Deploy doesn't stop old stateful sandbox before starting new one (flock conflict)

Done public

phinze Opened Apr 2, 2026 Updated Apr 3, 2026

Drain old pools before starting new ones for services with disks

Summary

When deploying a new version of an app with a provider = "local" disk, the old version's stateful sandbox continues running while the new version's sandbox tries to start.

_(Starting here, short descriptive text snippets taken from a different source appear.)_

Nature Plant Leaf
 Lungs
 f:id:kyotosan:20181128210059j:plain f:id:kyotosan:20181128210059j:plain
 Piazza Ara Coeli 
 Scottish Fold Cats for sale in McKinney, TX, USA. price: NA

Both mount the same local disk, causing flock conflicts.

Observed behavior

Deploying victoriametrics (which uses a local disk with flock):

Old sandbox victoriametrics-vCZbsR9x (previous version) stayed running

New sandboxes victoriametrics-vCZfG64h tried to start and panicked:

FATAL: cannot acquire lock on file "/miren/data/local/victoria-metrics-data/flock.lock": 
resource temporarily unavailable; make sure a single process has exclusive access

New sandboxes crash-looped 3 times before the old sandbox was eventually stopped
Once old sandbox went dead, new sandbox started successfully

Expected behavior

For stateful services with local disks, the deploy should stop the old version's sandbox before starting the new one — a rolling deploy isn't possible when they share exclusive access to a local disk.

Environment

Cluster: Garden
App: victoriametrics ([[services.victoriametrics.disks]] with provider = "local")